At the far right we see another sailor actively involved in fighting off the watch. He wears a cocked hat trimmed in white tape, and a dark colored bob wig. His neckcloth is red and the jacket is trimmed like the others with has slash cuffs, though has no waist pockets. It appears that his jacket is double vented. Once more, he wears white stockings and slops.

Sunday, November 15, 2015

My Poll and My Partner Joe, 1790


My Poll and My Partner Joe, Isaac Cruikshank, 1790, Walpole Library.


My Poll and My Partner Joe, Isaac Cruikshank, 1790, Walpole Library.

Cruikshank's print accompanies a ballad drawn from the 1774 opera "The Waterman." It relates the tale of an unnamed waterman who is pressed into service. He spends years at sea, fighting and sailing through trying times. When peace is at last upon him, he returns home to find his wife Poll embracing his friend Joe. He relates that on the shocking site, he "boldly kick'd My POLL and my Partner JOE."


Our unfortunate waterman has curly brown hair that drapes onto his shoulders, under a tall cylindrical crowned round hat. A yellow neckcloth spotted with red hangs down over his double breasted red waistcoat which appears to be tucked into his white slops/petticoat trousers. The telltale blue sailor's jacket has brass buttons along the lapels and closed mariner's cuffs. At his waist is a yellow watch fob, and in his hand is a cudgel.


In this colorization, the former waterman's hair is white, his neckcloth pink with dark spots, his jacket red with cloth covered buttons, and his waistcoat striped with narrow horizontal blue.


It is not clear to me that Joe is a sailor, but here's a couple of images of he and Poll anyway!


Monday, January 19, 2015

The Rival Candidates and their Old Supporters, 1784



The Rival Candidates and their Old Supporters, G.M., 1784, Royal Collection Trust.

In the wake of the British loss in the American Revolutionary War, King George III dismissed the ministry and new elections were called. The followers of Pitt the Younger came up against the Whigs of Charles Fox (pictured on the right here). Facing off with Fox is Admiral Lord Hood, who served throughout the final years of the Revolutionary War, participating in the Battle of the Capes and the Battle of the Saintes.

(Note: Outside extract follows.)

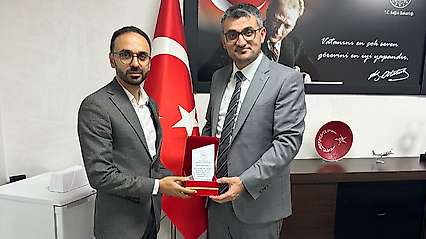 Siirt'te Uzm. Dr. Gazi Zeydoğlu'na Plaket Takdim Edildi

The bent of G.M. is clear in this caricature: Fox's supporters are blackened chimney sweeps and low class brutes with clubs. Hood's followers are gentlemen in cocked hats and a clean Jack Tar.


The happy sailor wears a narrow brimmed round hat with a bow on his right side, not unlike those portrayed in numerous Bowles prints. At his neck is a black neckcloth all bound up in a mess. His waistcoat is either tucked into his white trousers, or ends immediately at the waist. I'm leaning toward the latter, as his jacket is very short and ends right at the waistband as well. The waistcoat is set with three rows of buttons down the front. Or perhaps the flap of the jacket is hanging down so as to give the appearance of it, when really the waistcoat is double breasted and the jacket single. Either way, his five button mariner's cuffs are open, giving us just a peek at his shirt cuff, but not enough detail to really say anything about it.

In his left hand he clutches something, but I cannot say with any confidence what it is. A walking stick or rattan would seem most likely, but if so we should see the back half of the shaft between his arm and his jacket. It might be a roll of paper, but that would be an odd way to hold it. I don't believe it is a cudgel, as the artist is trying to differentiate the supporters of Hood and Fox.

Another notable accessory to our tarpaulin's slop clothes is the watch ribbon and fob hanging from his right. I don't rightly recall seeing any other sailor of the era wearing such a piece. This addition may be a further effort by G.M. to place Hood's supporters on a higher level.